Run a Test Suite

How to run Test Suites using Evidently Python library.

Code examples

Check the sample notebooks for examples of how to generate Test Suites.

Imports

After installing Evidently, import the TestSuite component and the necessary test_presets or tests you plan to use:

from evidently.test_suite import TestSuite
from evidently.test_preset import DataQualityTestPreset, DataStabilityTestPreset
from evidently.tests import *

How it works

Here is the general flow.

  • Input data. Prepare data as a Pandas DataFrame. This will be your current data to test. You may also pass a reference dataset to generate Test conditions from this reference or run data distribution Tests. Check the input data requirements.

  • Schema mapping. Define your data schema using Column Mapping. Optional, but highly recommended.

  • Define the Test Suite. Create a TestSuite object and pass the selected tests.

  • Set the parameters. Optionally, specify Test conditions and mark certain Tests as non-critical.

  • Run the Test Suite. Execute the Test Suite on your current_data. If applicable, pass the reference_data and column_mapping.
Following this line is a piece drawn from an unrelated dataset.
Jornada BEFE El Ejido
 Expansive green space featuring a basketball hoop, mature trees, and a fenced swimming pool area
  • Get the results. View the results in Jupyter notebook, export the summary, or send to the Evidently Platform.

You can use Test Presets or create your Test Suite.

Test Presets

Test Presets are pre-built Test Suites that generate Tests for a specific aspect of the data or model performance.
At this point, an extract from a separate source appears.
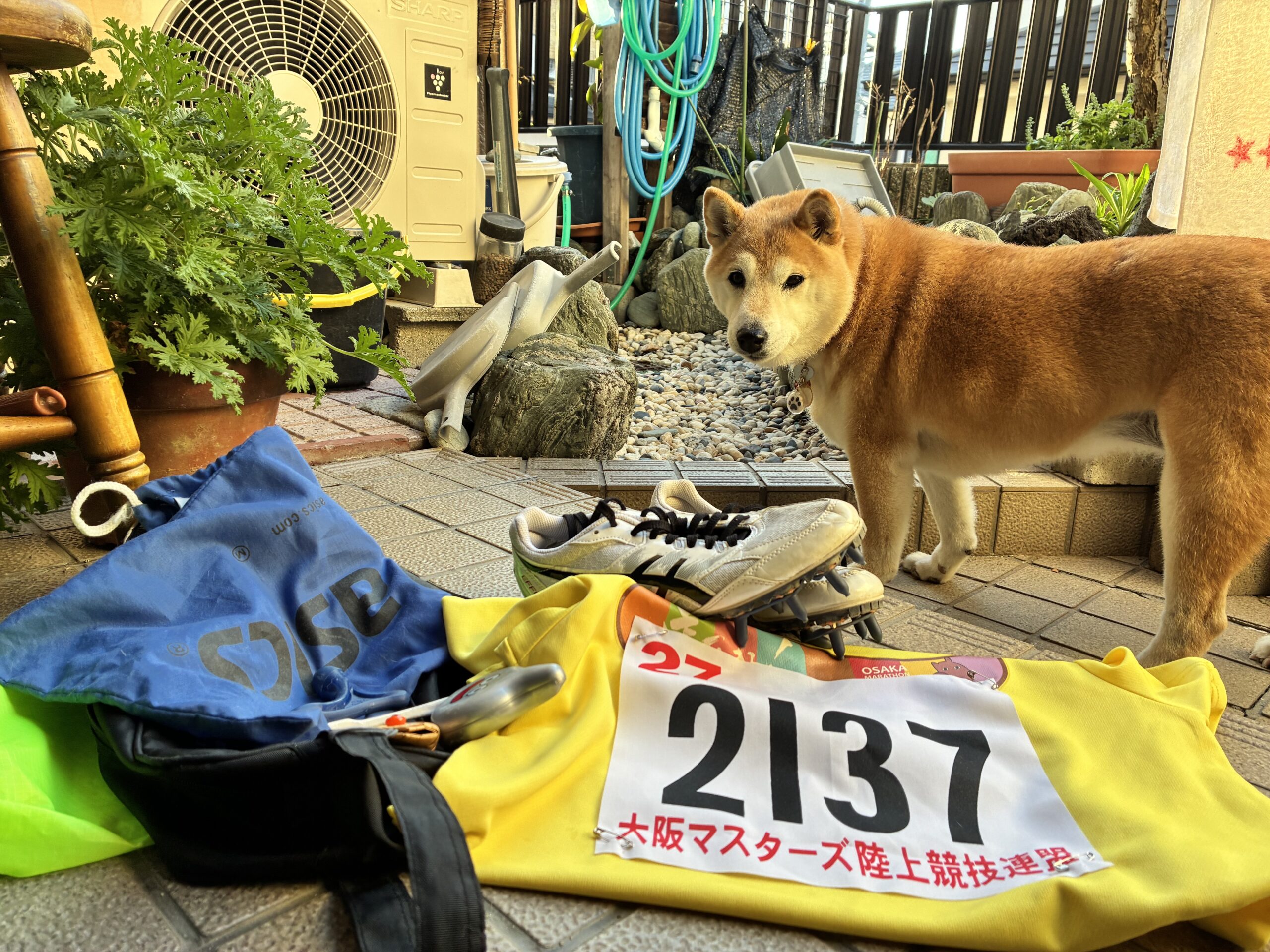 柴犬まるこ 大阪マスターズ陸上競技 記録会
Evidently also automatically generates Test conditions in two ways:

  • Based on the reference dataset. If you provide a reference, Evidently derives conditions from it. For example, the TestShareOfOutRangeValues will fail if over 10% of current values fall outside the min-max range seen in the reference. 10% is an encoded heuristic.

  • Based on heuristics. Without a reference, Evidently uses heuristics. For example, TestAccuracyScore() fails if the model performs worse than a dummy model created by Evidently. Data quality Tests like TestNumberOfEmptyRows() or TestNumberOfMissingValues() assume both should be zero.

Reference: Check the default Test conditions in the All tests table.

Example 1. To apply the DataQualityTestPreset to a single curr dataset, with conditions generated based on heuristics:

data_quality = TestSuite(tests=[
    DataQualityTestPreset(),
])

data_quality.run(reference_data=None, 
                   current_data=curr)

Available Test Presets. There are others: for example, DataStabilityTestPreset, DataDriftTestPreset or RegressionTestPreset. See all [Presets(../presets/all-presets.md). For interactive preview, check example notebooks.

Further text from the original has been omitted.